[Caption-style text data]
..............................
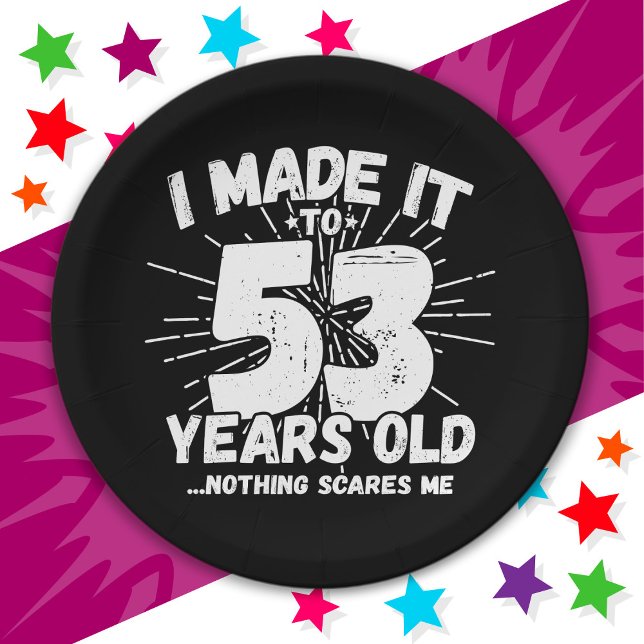 Plato De Papel Meme sarcástico de 53 años Funny cumpleaños número (Subido por el creador)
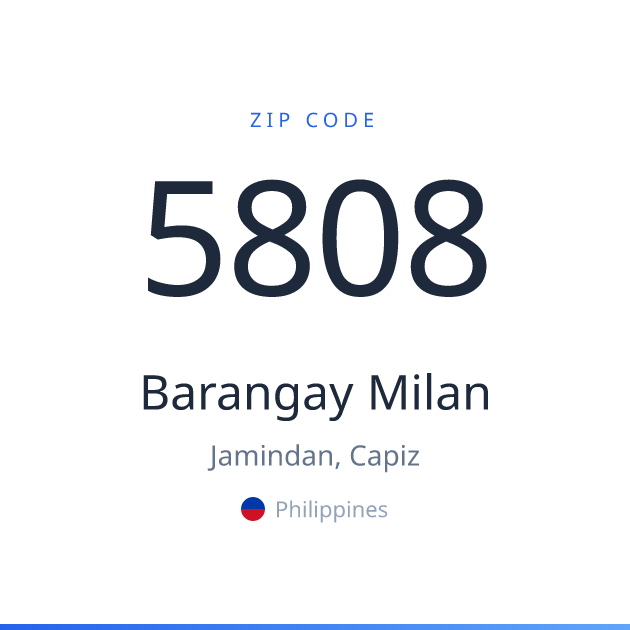 Shareable ZIP code 5808 card for Barangay Milan, light theme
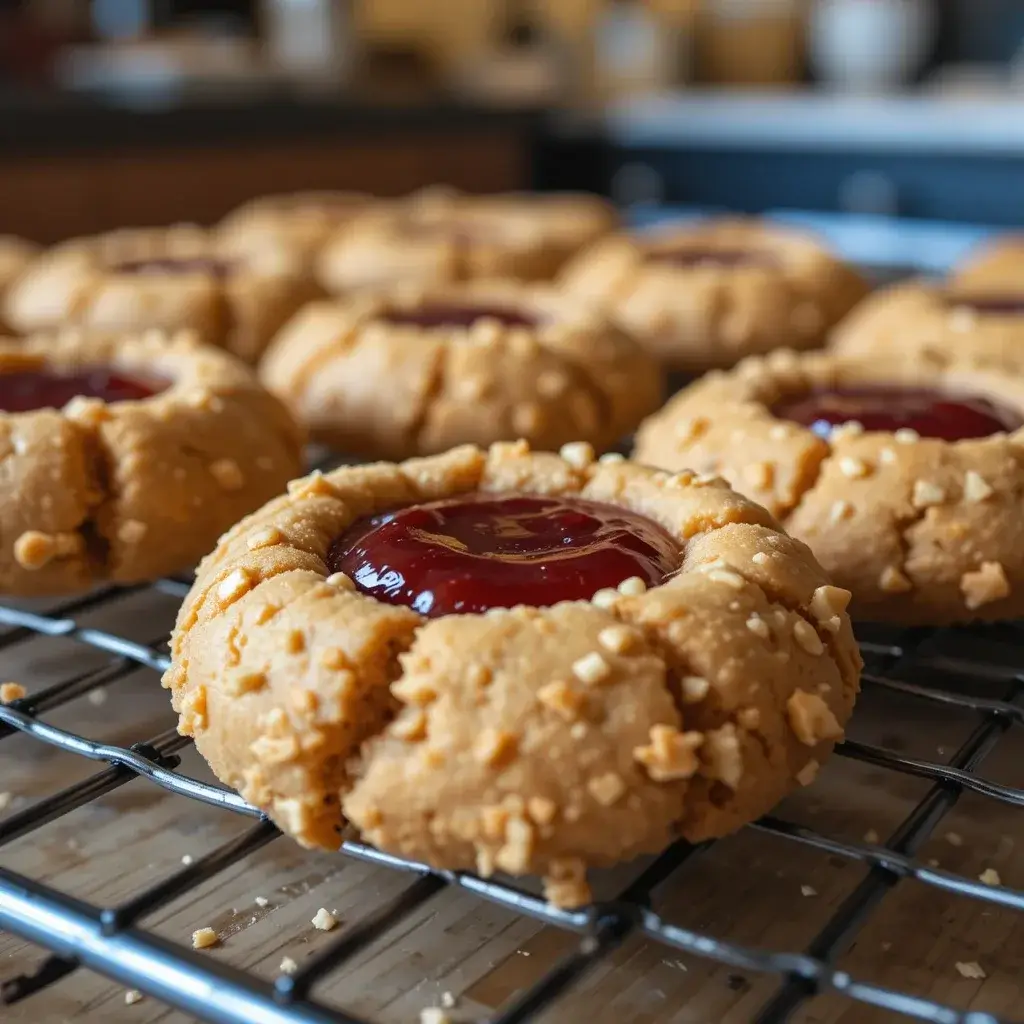 A batch of freshly baked peanut butter and jelly cookies cooling on a wire rack, featuring a crumbly peanut butter base with a glossy red jelly center.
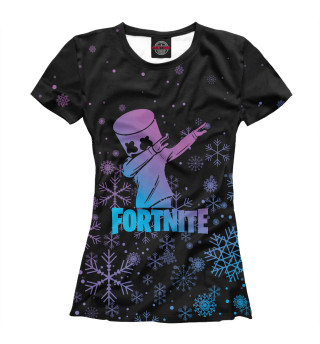 Женская футболка Fortnite новогодний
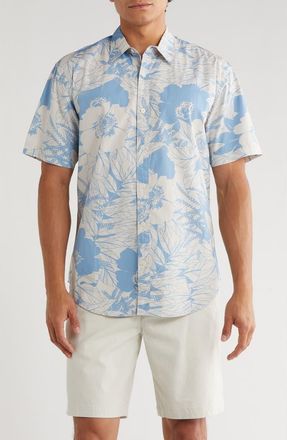 Coastaoro Astor Printed Short Sleeve Shirt in Aster Blue at Nordstrom Rack, Size Xx-Large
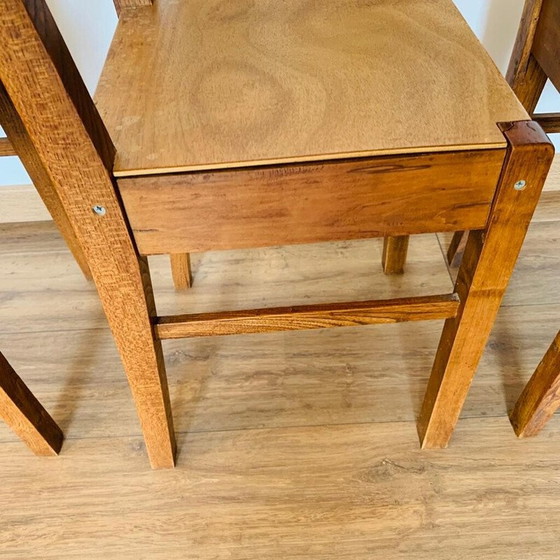 Image 1 of Set of 4 vintage plywood chairs, 1960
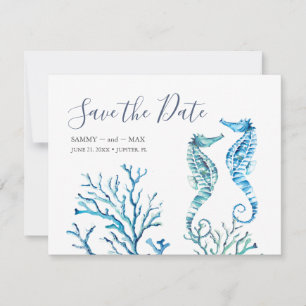 Save The Date Aquarelle Hippocampe et corail Enregistrer la date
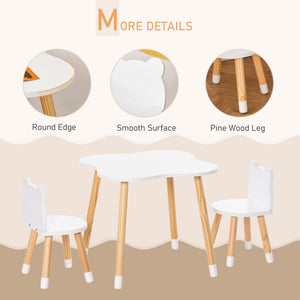 English Elm Qaba Wooden Kids Table and Chair Set for Toddlers 1-4, Bear-Back High Chairs, Durable MDF White W2225P217329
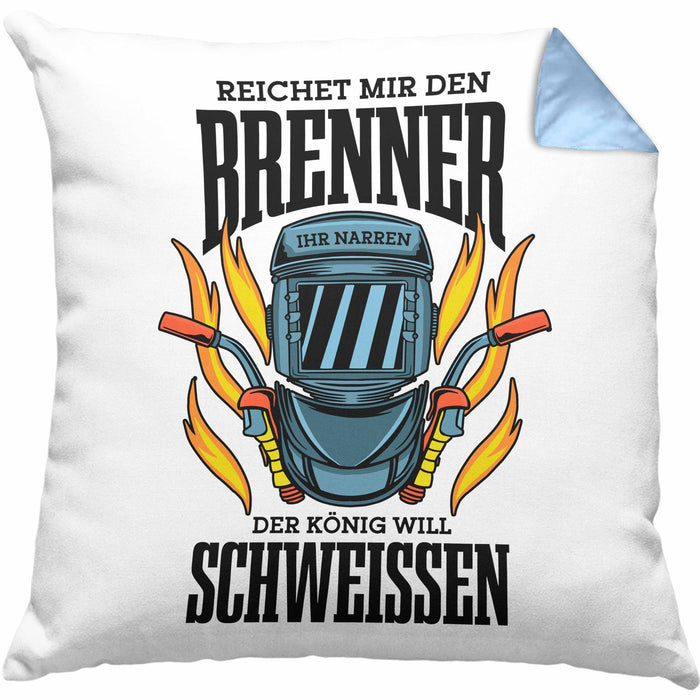 Schweißen Kissen mit Füllung 40x40 Geschenk Schmied Schweißer Geschenkidee Metallbauer (Grau) Blau Trendation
..............................
Without the pictures, copy out all the records above exactly.

*COMPLETED EXERCISE*.
 Plato De Papel Meme sarcástico de 53 años Funny cumpleaños número (Subido por el creador)
 Shareable ZIP code 5808 card for Barangay Milan, light theme
 A batch of freshly baked peanut butter and jelly cookies cooling on a wire rack, featuring a crumbly peanut butter base with a glossy red jelly center.
 Женская футболка Fortnite новогодний
 Coastaoro Astor Printed Short Sleeve Shirt in Aster Blue at Nordstrom Rack, Size Xx-Large
 Image 1 of Set of 4 vintage plywood chairs, 1960
 Save The Date Aquarelle Hippocampe et corail Enregistrer la date
 English Elm Qaba Wooden Kids Table and Chair Set for Toddlers 1-4, Bear-Back High Chairs, Durable MDF White W2225P217329
 Schweißen Kissen mit Füllung 40x40 Geschenk Schmied Schweißer Geschenkidee Metallbauer (Grau) Blau Trendation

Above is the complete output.